WHAT YOU ARE ASKED TO DO: Exclude the pictures, then restate every entry below exactly.

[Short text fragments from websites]

......

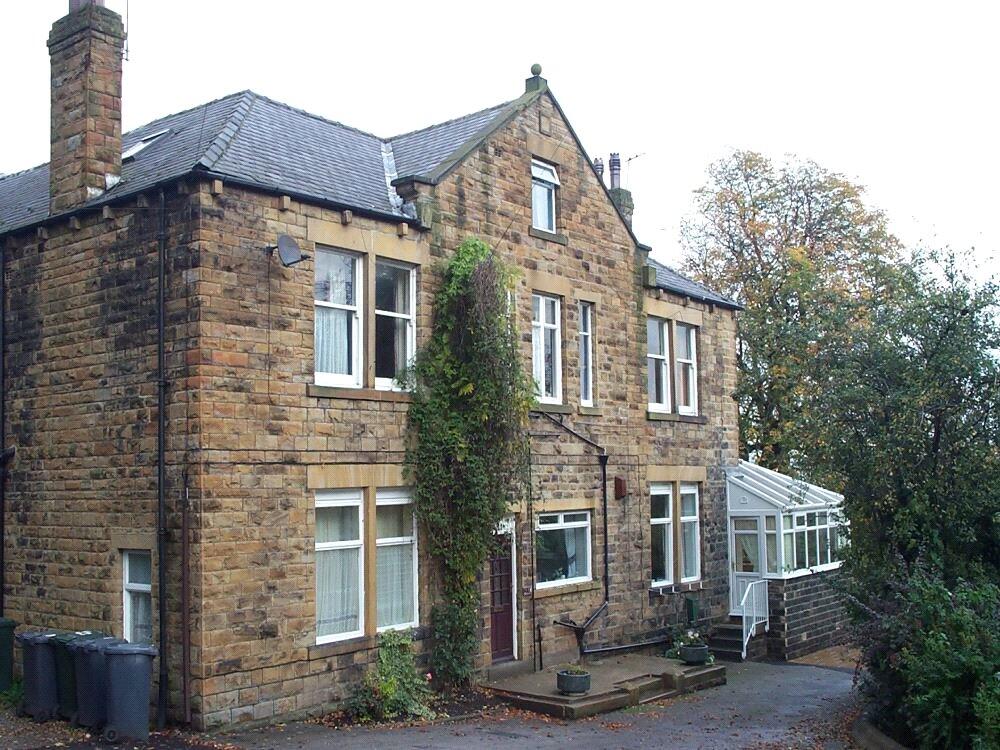 1 bed Apartment for rent in Briestfield. From Whitegates - Dewsbury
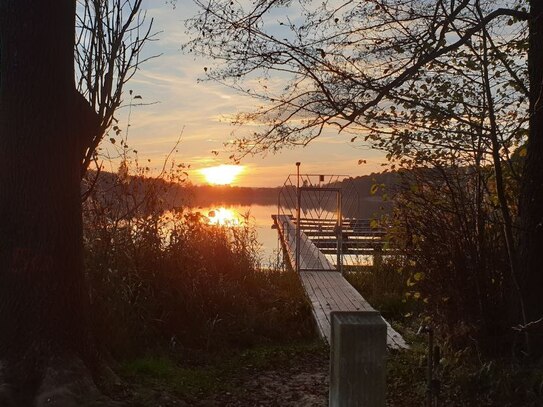 Schönes Holzhaus in Wassernähe incl. Bootsliegeplatz!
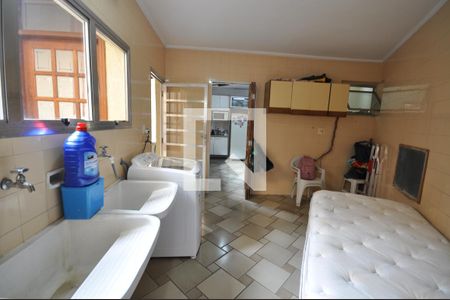 Casa à venda com 180m², 3 quartos e 2 vagasÁrea de Serviço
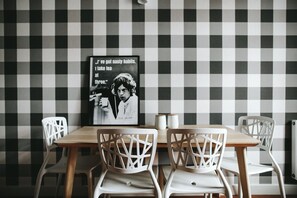 Apartment | In-room dining - Blue Buddy - Hard Rock (Gdansk)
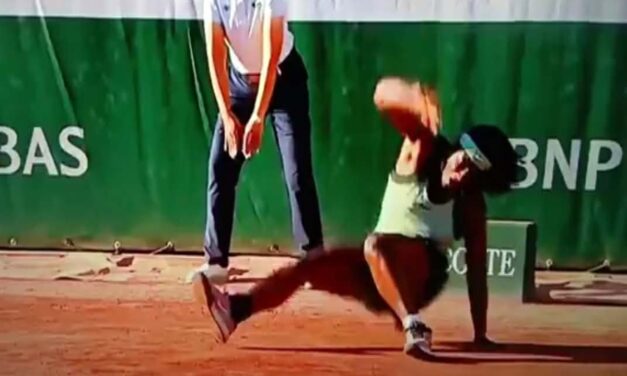 Roland Garros – Brutto infortunio della Baptiste, il ginocchio cede e l’atleta esce in barella – VIDEO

......

EXPECTED ANSWER:
 1 bed Apartment for rent in Briestfield. From Whitegates - Dewsbury
 Schönes Holzhaus in Wassernähe incl. Bootsliegeplatz!
 Casa à venda com 180m², 3 quartos e 2 vagasÁrea de Serviço
 Apartment | In-room dining - Blue Buddy - Hard Rock (Gdansk)
 Roland Garros – Brutto infortunio della Baptiste, il ginocchio cede e l’atleta esce in barella – VIDEO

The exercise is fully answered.